Y quizás no haya mejor palabra para describir mi ciudad. En
la periferia sólo hay ciudades dormitorio. Cada mañana cogemos el tren para ir
a la ciudad, ya sea a la oficina o a la facultad. Y a veces, sólo a veces, con
el traqueteo, recordamos a los que han quedado atrás. Recordamos a aquellos
desesperados que se comen varias horas de cola cada mañana sabiendo que su
esfuerzo es inútil, pero que aún se niegan a despertarse a las doce y quedarse
en casa muriendo lentamente. Recordamos a los compañeros de clase que no
tuvieron tanta suerte y no llegaron a la universidad. Y recordar a los que
quedaron atrás nos hace sentirnos miserables y traidores. Hemos escapado
individualmente de la periferia, una periferia gris que el tiempo, ciertas
políticas o incluso la heroína de los ochenta ha convertido en un estercolero,
y eso debería hacernos sentir agradecidos. Por lo menos, logramos salir
adelante. Pero sólo podemos sentirnos tristes. Somos como el proletariado que
nos describe Owen Jones: huimos nosotros solos, dejando atrás a nuestra gente.
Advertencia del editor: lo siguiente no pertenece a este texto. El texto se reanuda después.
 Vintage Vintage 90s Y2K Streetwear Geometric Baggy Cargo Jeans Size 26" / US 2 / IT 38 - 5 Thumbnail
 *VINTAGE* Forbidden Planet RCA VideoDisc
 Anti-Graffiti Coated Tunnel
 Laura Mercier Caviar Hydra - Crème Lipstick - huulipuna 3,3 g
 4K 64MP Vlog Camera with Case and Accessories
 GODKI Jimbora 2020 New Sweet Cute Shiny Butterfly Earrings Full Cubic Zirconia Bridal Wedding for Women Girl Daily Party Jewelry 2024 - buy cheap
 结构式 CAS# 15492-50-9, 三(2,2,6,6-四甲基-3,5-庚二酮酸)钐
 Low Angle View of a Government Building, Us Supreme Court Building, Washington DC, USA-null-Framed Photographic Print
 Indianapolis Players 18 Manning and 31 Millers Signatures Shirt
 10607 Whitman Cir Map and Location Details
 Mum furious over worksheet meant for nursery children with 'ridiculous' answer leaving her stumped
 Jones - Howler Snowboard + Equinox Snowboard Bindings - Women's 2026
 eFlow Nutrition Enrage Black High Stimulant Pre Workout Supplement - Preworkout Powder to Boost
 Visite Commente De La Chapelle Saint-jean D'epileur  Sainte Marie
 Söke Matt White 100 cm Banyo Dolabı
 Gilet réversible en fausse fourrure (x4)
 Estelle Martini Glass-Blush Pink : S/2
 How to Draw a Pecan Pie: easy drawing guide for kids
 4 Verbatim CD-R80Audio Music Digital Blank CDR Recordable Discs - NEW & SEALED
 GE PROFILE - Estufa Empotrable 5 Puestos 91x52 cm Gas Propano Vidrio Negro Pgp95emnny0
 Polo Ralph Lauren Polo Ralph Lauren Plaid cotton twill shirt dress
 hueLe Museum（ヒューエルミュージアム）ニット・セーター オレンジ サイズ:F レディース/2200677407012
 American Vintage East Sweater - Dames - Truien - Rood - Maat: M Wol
Aún así, que te sigan considerando uno más llena de absoluta gratitud.
Reconozcámoslo: nos sentimos más a gusto en el barrio,
sentados en una grada de granito a las tres de la mañana a varios metros de un
grupo de jóvenes gritando y fumando porros que en un moderno garito de Moncloa.
Hemos conocido la felicidad en la tranquilidad de madrugada bajo las farolas, y
desde aquí se ve un puñado más de estrellas que en Madrid capital. Nos sentimos
más a gusto en el parque con una cerveza o con una freeway del
Lidl para hacerle el boicot a Coca-Cola. Nos sentimos más a gusto cerca de un
cani que de un hipster. Y nos sentiríamos más a gusto si pudiéramos partirle la
boca a cualquiera que salga en la televisión hablando de sacrificio y cultura
del esfuerzo desde el puesto de asesor en la empresa familiar, sin haber visto
en su vida lo que ocurre en mi ciudad todas las mañanas. Y si también os sentís
así, en la periferia del sur siempre seréis bienvenidas.